522.     Legislation regarding mandatory imprisonment in Western Australia and the Northern Territory, which leads in many cases to imposition of punishments that are disproportionate to the seriousness of the crimes committed and would seem to be inconsistent with the strategies adopted by the State party to reduce the over-representation of indigenous persons in the criminal justice system, raises serious issues of compliance with various articles of the Covenant.


523.     The State party is urged to reassess the legislation regarding mandatory imprisonment so as to ensure that all Covenant rights are respected.


524.     The Committee notes the recent review within Parliament of the State party's refugee and humanitarian immigration policies and that the Minister for Immigration and Multicultural Affairs has issued guidelines for referral to him of cases in which questions regarding the State party's compliance with the Covenant may arise.


525.     The Committee is of the opinion that the duty to comply with Covenant obligations should be secured in domestic law. It recommends that persons who claim that their rights have been violated should have an effective remedy under that law.


526.     The Committee considers that the mandatory detention under the Migration Act of "unlawful non-citizens", including asylum-seekers, raises questions of compliance with article 9, paragraph 1, of the Covenant, which provides that no person shall be subjected to arbitrary detention. The Committee is concerned at the State party's policy, in this context of mandatory detention, of not informing the detainees of their right to seek legal advice and of not allowing access of non-governmental human rights organizations to the detainees in order to inform them of this right.

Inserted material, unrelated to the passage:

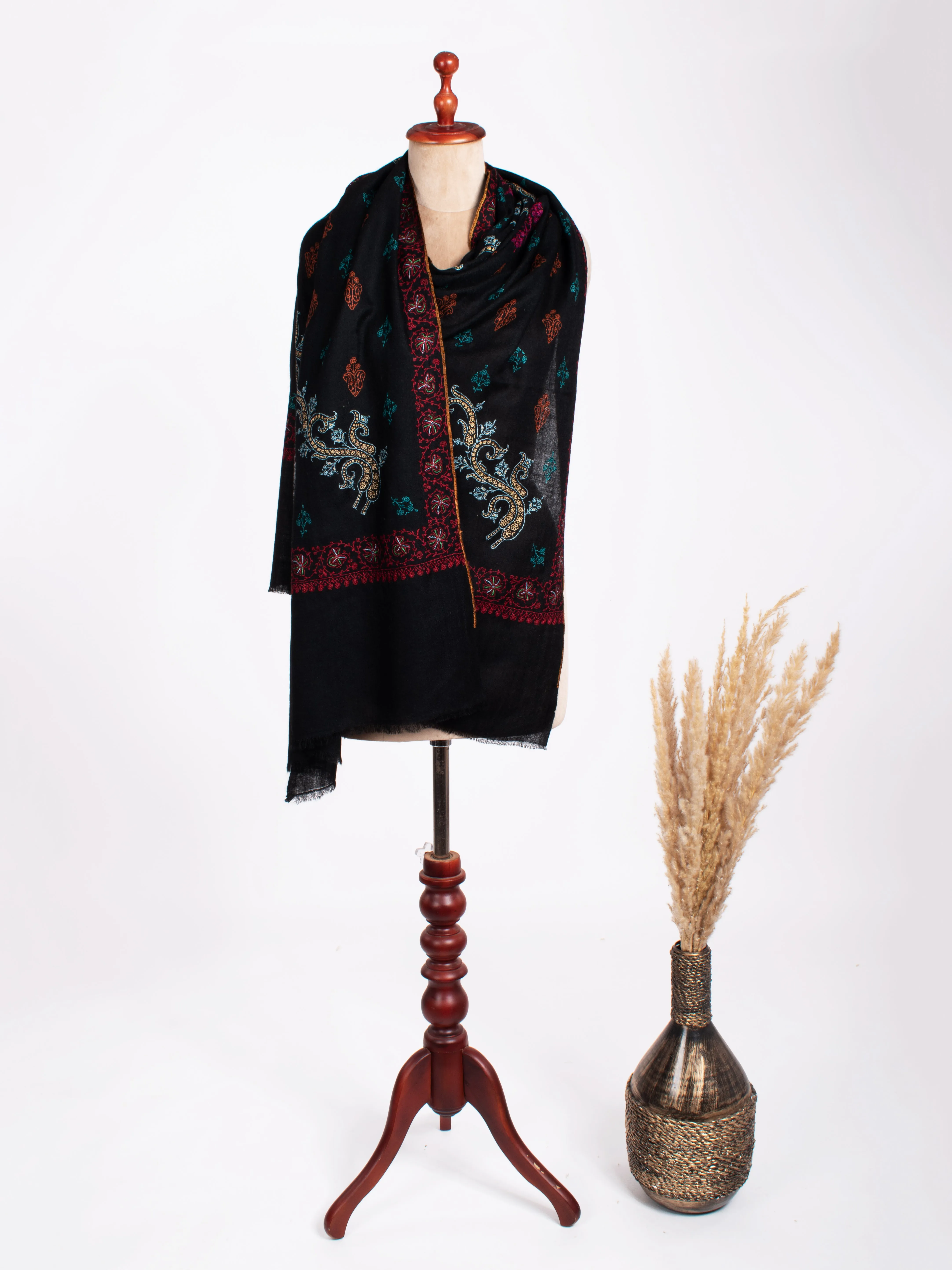 Black Pearl Hand embroidered Cashmere Scarf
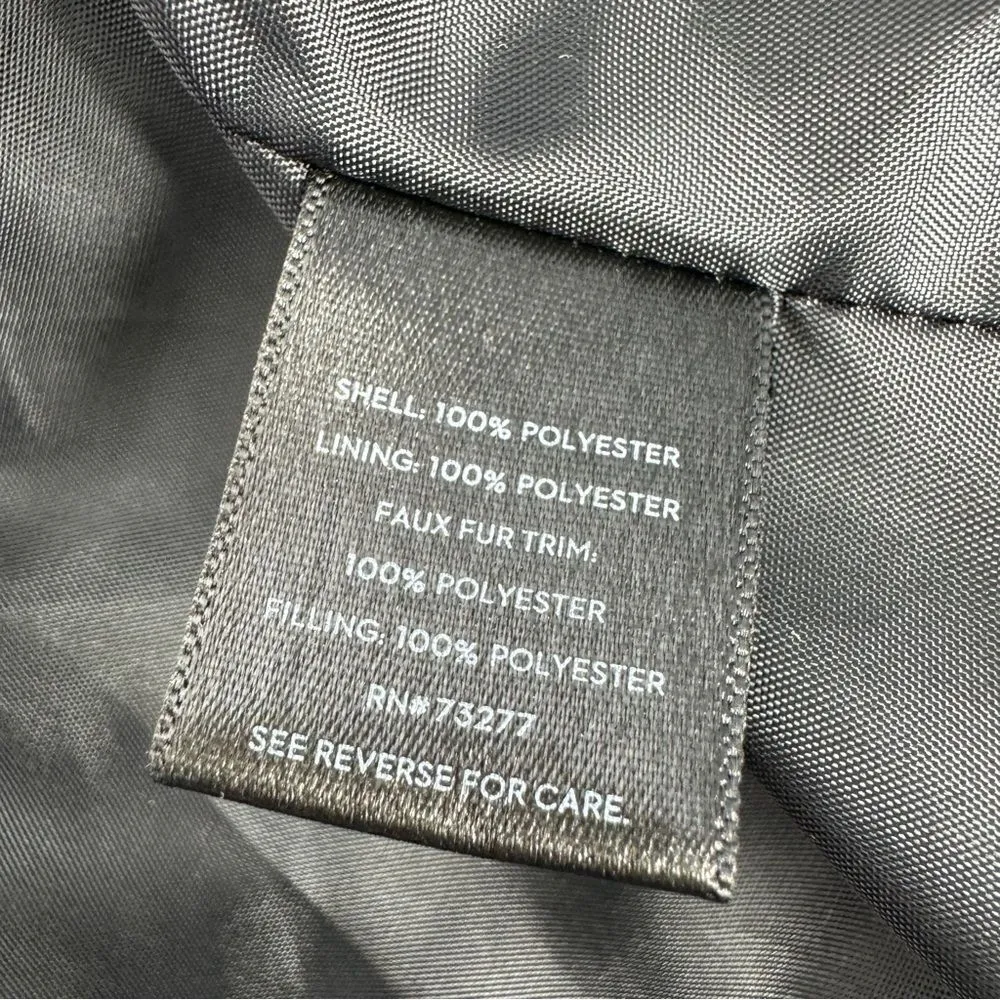 Simply Vera Puffer Jacket Faux‎ Fur Collar Hood Black Medium Balloon Sleeve - Image 14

527.     The Committee urges the State party to reconsider its policy of mandatory detention of "unlawful non-citizens" with a view to instituting alternative mechanisms of maintaining an orderly immigration process. The Committee recommends that the State party inform all detainees of their legal rights, including their right to seek legal counsel.


4. Dissemination of information about the Covenant (art. 2)


528.     The Committee requests the fifth periodic report to be submitted by 31 July 2005. It requests that the present concluding observations and the next periodic report be widely disseminated among the public, including civil society and non-governmental organizations operating in the State party.